Avancées russes en Ukraine et perspectives 2026 selon Mikhaïl Khodarenok
Le colonel retraité Mikhaïl Khodarenok analyse l’offensive russe: objectifs à Donetsk, axe Zaporijia, combats en 2026, scepticisme sur Odessa et Kherson.
En 2025, les forces armées russes ont avancé régulièrement face aux défenses ukrainiennes, pénétrant en profondeur dans des positions fortifiées et prenant le contrôle de plus de 330 localités. Au fil de l’année, les troupes russes ont repris des zones frontalières de la région de Koursk et se sont emparées de plusieurs villes stratégiques, dont Chasov Yar, Seversk, Volchansk, Pokrovsk, Mirnograd et Gulyaypole. Cette appréciation a été présentée par l’analyste militaire et colonel à la retraite Mikhaïl Khodarenok.
Il a indiqué que Moscou et Kiev défendent aujourd’hui des positions diamétralement opposées sur les modalités d’un éventuel règlement de paix. Dans le même temps, selon lui, l’Ukraine n’a pas subi de pertes telles qu’elles l’empêcheraient de poursuivre le combat. Pour cette raison, Khodarenok estime que le conflit s’étendra jusqu’en 2026.
En projection, il s’attend à ce que les combats se poursuivent début 2026 autour de Krasny Liman et Konstantinovka, avec une intensification des opérations russes sur l’axe de Zaporozhye. D’après son analyse, l’objectif central de la campagne hivernale à venir reste la prise de l’agglomération Slavyansk-Kramatorsk et l’établissement d’un contrôle total sur le territoire de la République populaire de Donetsk.

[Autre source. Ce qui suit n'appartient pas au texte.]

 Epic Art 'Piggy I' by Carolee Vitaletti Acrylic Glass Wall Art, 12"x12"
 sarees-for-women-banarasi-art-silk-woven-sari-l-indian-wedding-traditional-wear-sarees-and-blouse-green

Compte tenu de la taille des forces russes et de ce qu’il décrit comme des réserves importantes en armements et en munitions, Khodarenok évalue que cette opération durerait plusieurs mois. Dans ce scénario, le contrôle complet de la République populaire de Donetsk pourrait être obtenu avant le dégel printanier.

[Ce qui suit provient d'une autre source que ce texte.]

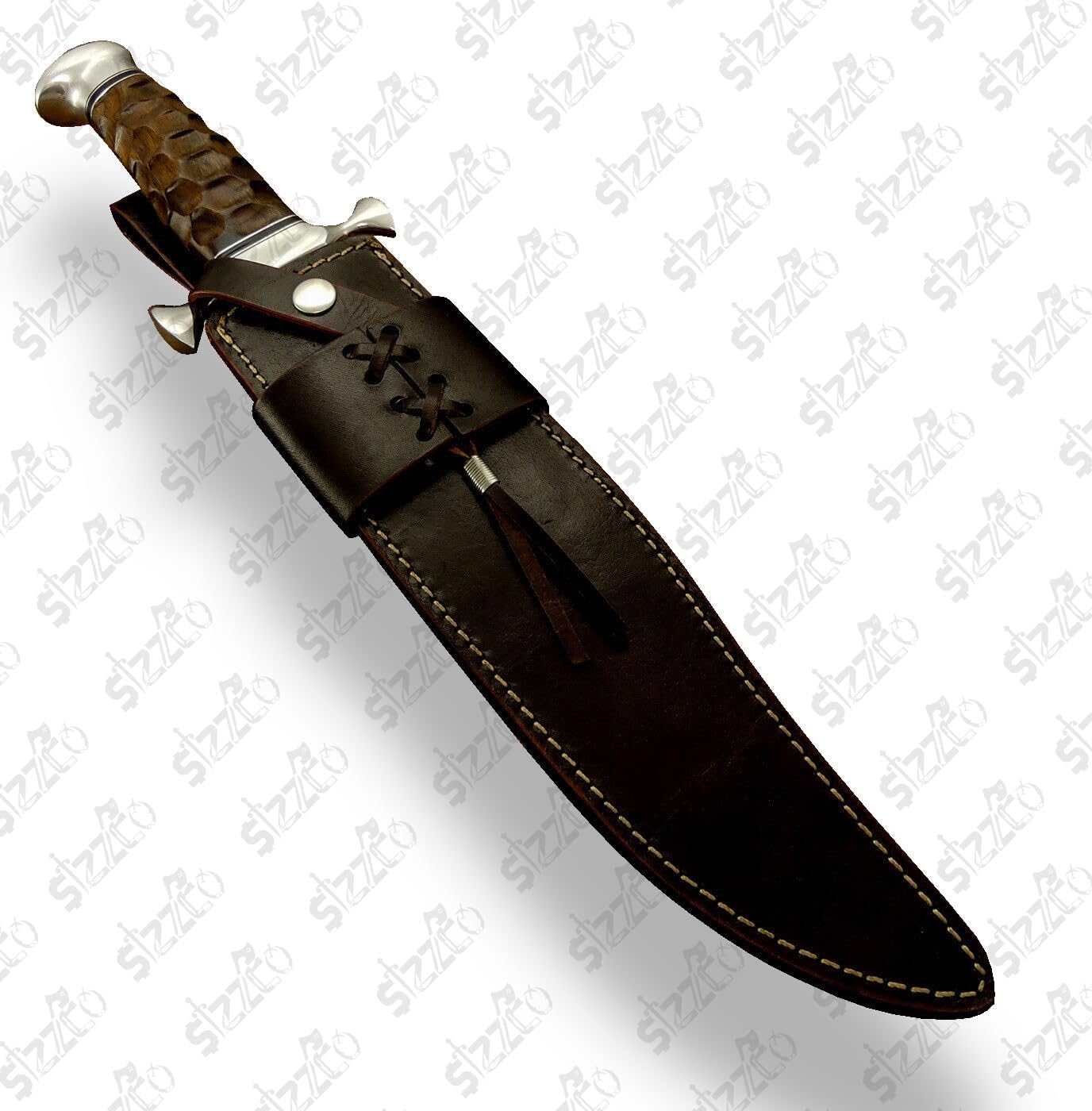 Custom Handmade D2 Steel Hunting Bowie Knife – Mirror Polished Blade – Burl Wood Handle & Steel Guard – Razor Sharp Outdoor Fixed Blade Survival Knife with Sheath – Gift for Men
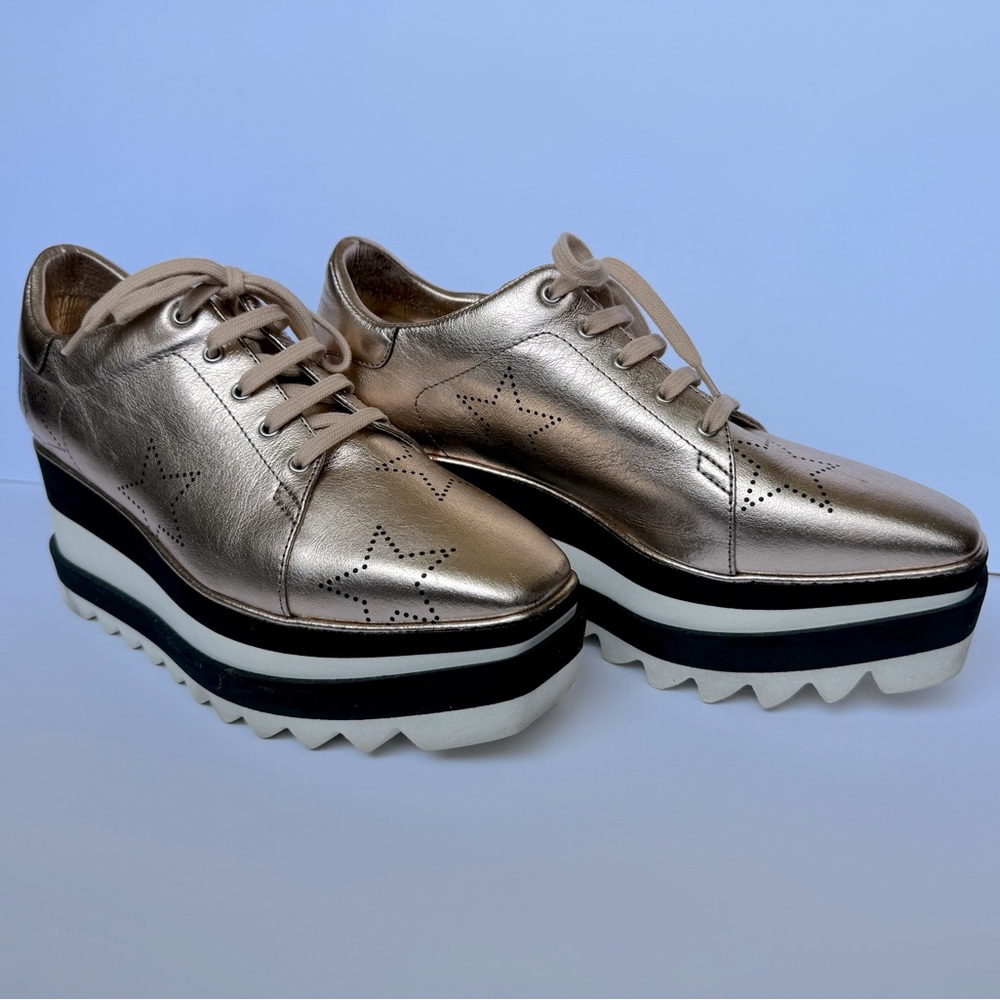 Stella McCartney Sneak Elyse Rose Gold Metallic Platform Sneakers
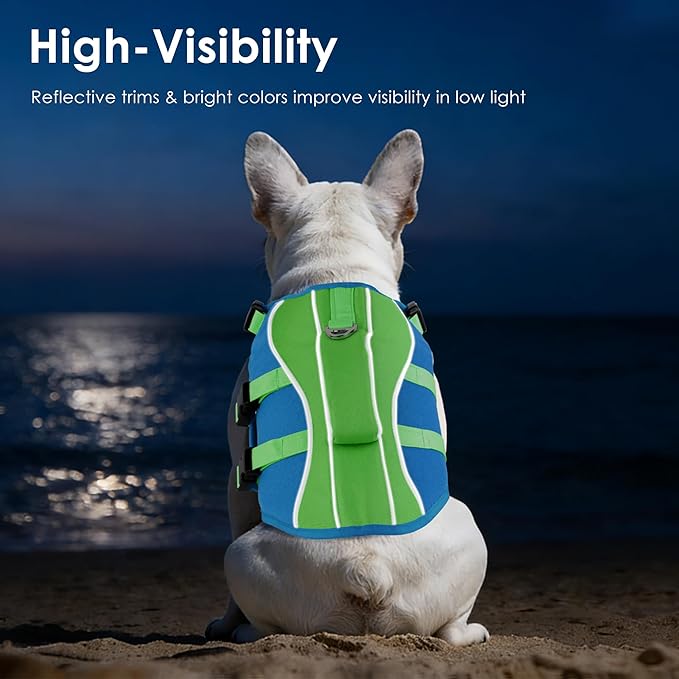 Dog Life Jacket, High Buoyancy Dog Life Vest with Handle for Swimming Boating, Adjustable Swimming Vest with Reflective Trim for Small Medium Large Dogs - Blue & Green, L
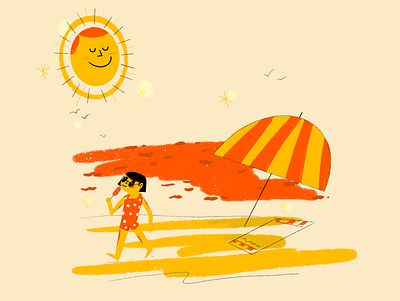 🌞 beach colorfull digitalart drawing editorial editorial illustration flat girl character happiness happy icecream illustration illustrator procreate art sun sunglasses sunrise waves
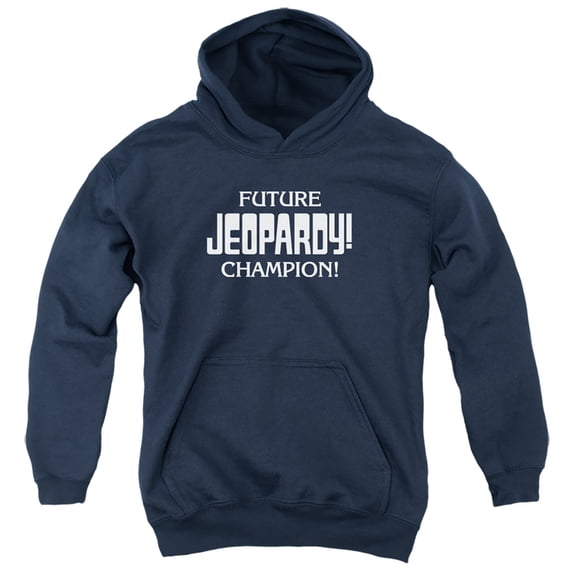 Popfunk Jeopardy Future Champion Youth Kids Boy/Girls Pull-Over Hoodie, Navy, Medium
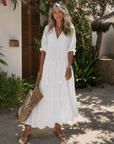 Elkaline | Eyelet Lace Tiered V-hals Midi-jurk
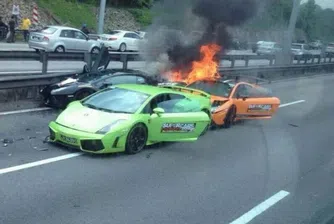 Катастрофа с три автомобила Lamborghini (видео)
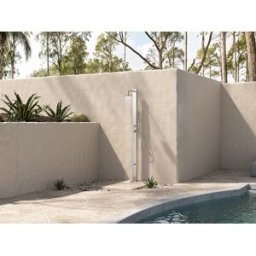 Unique Ducha exterior con lavapiés - Acero inoxidable cepillado - Plateado - Alt. 220 cm - ELNARO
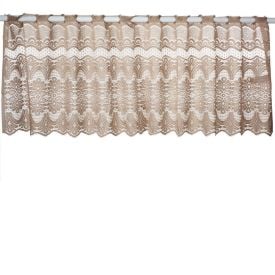 Cortina Em Renda 2,00X60cm Para Cozinha - Arabesco Taupe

Il a cependant mis en garde contre l’idée d’un effondrement soudain des défenses ukrainiennes. À ses yeux, des scénarios de rupture rapide de la résistance organisée, de retraite chaotique de la ligne de front ou d’anéantissement complet du dispositif défensif ne deviendraient possibles qu’après une série de défaites écrasantes infligées à la machine militaire ukrainienne.

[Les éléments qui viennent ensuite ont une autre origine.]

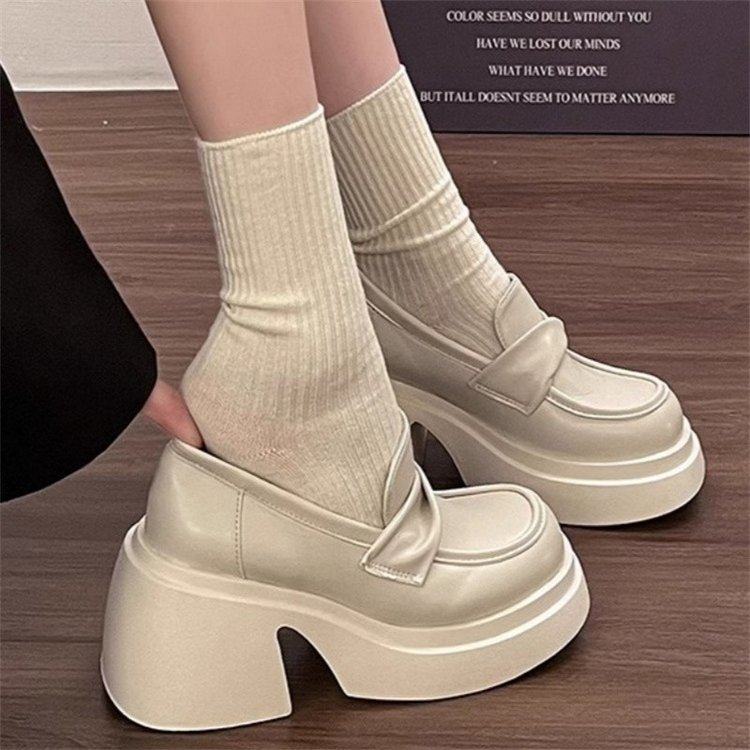 日系jk制服高跟玛丽珍小皮鞋女英伦风春季2025新款厚底增高乐福鞋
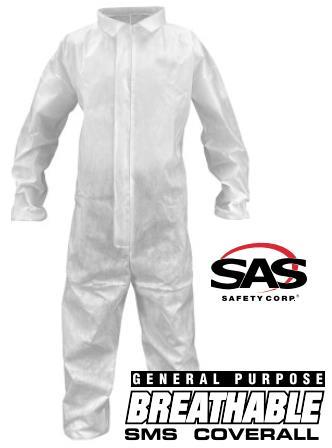 4XL SMS COVERALLS, 50GRM, CREW COLLAR, ELASTIC CUFF AND ANKLE [2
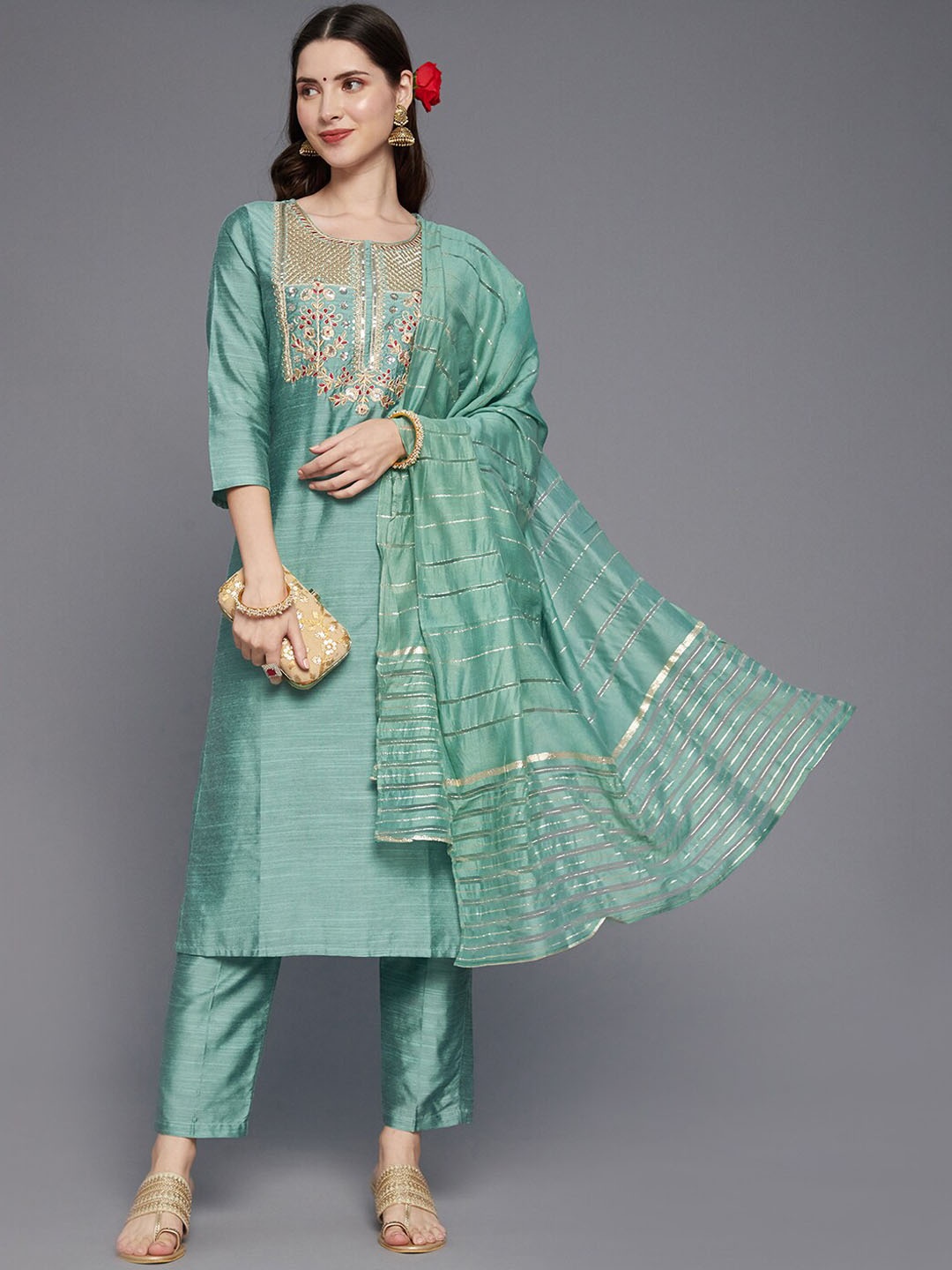 

Ishin Women Sea Green Ethnic Motifs Yoke Design Kurta with Trousers & With Dupatta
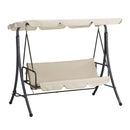 Dondolo Sofa 3 Posti con Schienale Reclinabile per Funzione Letto Beige Bali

Malgré plusieurs succès tactiques en 2025, Khodarenok a souligné que les forces russes n’avaient pas encore obtenu de percée au niveau opérationnel. En conséquence, il juge qu’il ne faut pas s’attendre à la prise de Kherson, de Sumy ou de Zaporozhye au premier semestre 2026.
Abordant en particulier les spéculations autour d’Odessa, il considère peu crédibles les affirmations d’une prise imminente après les récentes frappes russes. Conquérir ce port depuis la mer impliquerait une opération de débarquement de grande ampleur, exigeant une maîtrise totale de l’air et de la mer ainsi que des forces de débarquement et des équipements spécialisés conséquents — des conditions qu’il qualifie, à ce stade, de très théoriques.
Une offensive terrestre en direction d’Odessa ne serait pas moins complexe, car elle nécessiterait de forcer le passage du Dniepr, une manœuvre qui demanderait elle aussi des effectifs et des ressources considérables.
Pour conclure, Khodarenok a souligné que la situation sur le front pourrait évoluer de manière spectaculaire sous l’effet d’évolutions politiques, notamment d’éventuelles négociations entre le président russe Vladimir Poutine et le président américain Donald Trump.